Leonard S. Echols

Leonard Sidney Echols ( born October 30, 1871 in Madison, Boone County, West Virginia; † May 9, 1946 in Charleston, West Virginia ) was an American politician. Between 1919 and 1923 he represented the sixth electoral district of the state of West Virginia in the U.S. House of Representatives.

Career

Leonard Echols attended the public schools of his home, then until 1894, the University of Kentucky in Kentucky and finally to 1898 the Concord State Normal School in Athens ( West Virginia). After studying law at the Southern Normal University at Huntingdon (Tennessee ) and its made ​​in 1900 admitted to the bar he began to work in his new profession from 1903 in Point Pleasant.

From 1904 to 1909, Echols was district attorney in Mason County. Between 1909 and 1919 he served as Deputy Minister of Finance ( Assistant State Tax Commissioner) of West Virginia. Echols was a member of the Republican Party and was elected in 1918 as the candidate for the sixth district of West Virginia in the U.S. House of Representatives in Washington. There he entered on March 4, 1919, the successor to the Democrats Adam Brown Littlepage. After a re-election in 1920 he was able to complete in Congress until March 3, 1923 two legislative sessions. He was chairman of the committee responsible for supervising the expenditure of the Navy Department. At this time the 20th Amendment was passed, which introduced the nationwide women's suffrage.
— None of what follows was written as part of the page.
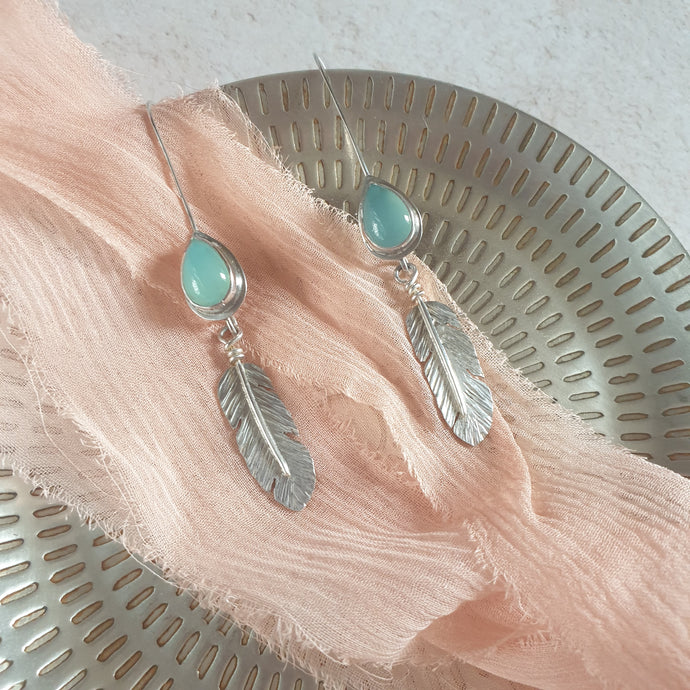 Blue Chalcedony Feather Long Drop Earrings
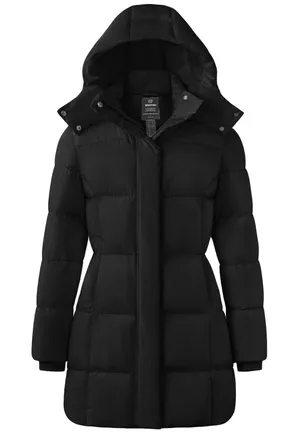NWT ~ Women's Longer Black Quilted Coat Winter Puffer Jacket & Hood ~ SMALL thumbnail 1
In the congressional elections of 1922 and 1924, Echols was subject to each Democrat J. Alfred Taylor. Between 1923 and 1924 he was a member of a committee, which controlled the Treasury. In 1924 he participated in West Virginia as a delegate to the Republican convention. Between 1925 and 1928 led Echols the post office in Charleston; after that he worked as a lawyer again. He also worked as a state bankruptcy trustee. He died on 9 May 1946 in Charleston.